Em um relato contundente e emocionado, ela compartilhou o drama vivido diante da suspeita de sua filha, de apenas dois anos, ter sido vítima de violência sexual por uma pessoa de confiança da família. Para confirmar esse fato, a criança deve ser ouvida em um espaço especializado de acolhimento e escuta, inexistente no município onde mora.

O Decreto nº 9.603/2018 e a Lei nº 13.431/2017 determinam a implantação de mecanismos de escuta especializada para o depoimento especial de crianças ou adolescentes testemunhas ou vítimas de violências. Todos os municípios brasileiros devem instituir essa rede de proteção especializada e integrada, mas a maioria não conta com essa estrutura, o que prejudica os processos de apuração e responsabilização do autor de violência, podendo até invalidá-los caso a criança ou adolescente for ouvido de outra forma.

A escuta especializada é o procedimento realizado pelos órgãos da rede de proteção nos campos da educação, da saúde, da assistência social, da segurança pública e dos direitos humanos, com objetivo de assegurar o acompanhamento da vítima ou da testemunha de violência para superação das consequências da violação sofrida, limitado ao estritamente necessário para o cumprimento da finalidade de proteção social e de provimento de cuidados. Seu objetivo é a proteção da criança e do adolescente, e não a coleta de provas para eventual procedimento criminal, razão pela qual as perguntas devem se limitar ao necessário para garantir proteção e cuidados ao infante.

Especialistas alertam que não se deve confundir a escuta especializada com o depoimento especial, realizado perante autoridade policial ou judiciária, com a finalidade de produzir provas para o processo. Em ambas as modalidades, frisa-se a necessidade de preparo do profissional que conduzirá a oitiva, que deve receber formação quanto à maneira correta para acolher o depoimento, formular perguntas em linguagem simples e evitar atos de revitimização.

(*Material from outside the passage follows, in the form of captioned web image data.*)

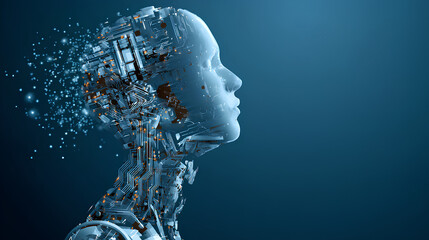 AI Humanoid Face Concept. Technology Digital Robot Head Side View with Circuit Board Components. Tech Blue Background. Artificial Intelligence Agent or Assistant Concept. Vector Digital Illustration. 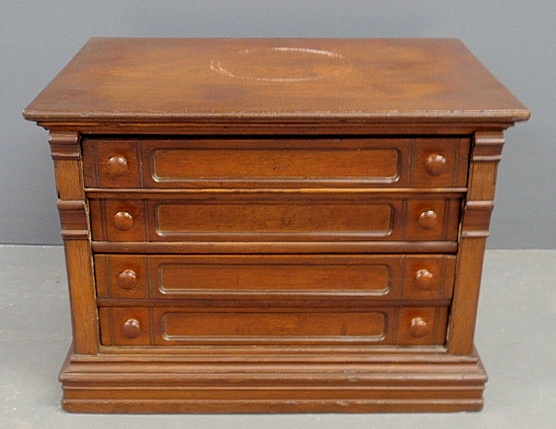 Appraisal: - Oak spool cabinet late th c with four drawers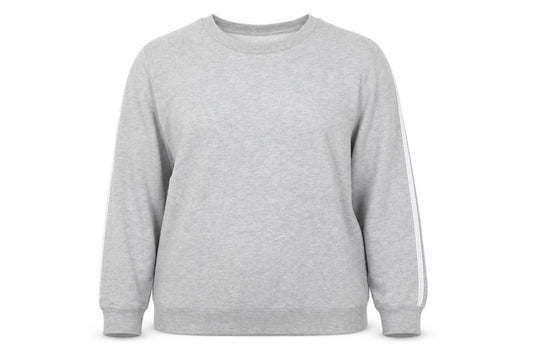 Front view of ASOS women’s grey pullover sweatshirt, size UK 10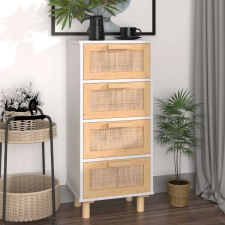 vidaXL Fehér tömör fenyő/természetes rattan tálalószekrény 40x30x90 cm bútor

     “Quando uma criança é violentada sem lesões aparentes, é muito, muito difícil, ter uma prova de que alguma coisa aconteceu. E nem ser ouvida a criança pode, pois o estado não possui aparato legal para isso, deixando pedófilos muito à vontade para cometer seus crimes. A solicitação para que minha filha seja ouvida encontra-se na 1ª Vara Criminal, mas o município onde moro não possui a estrutura exigida pela lei. Se a sociedade não se unir, minha filha e diversas outras crianças com histórias parecidas serão sempre só mais um número. Seus casos ficarão impunes e sem solução”, desabafa Bianca Rosa.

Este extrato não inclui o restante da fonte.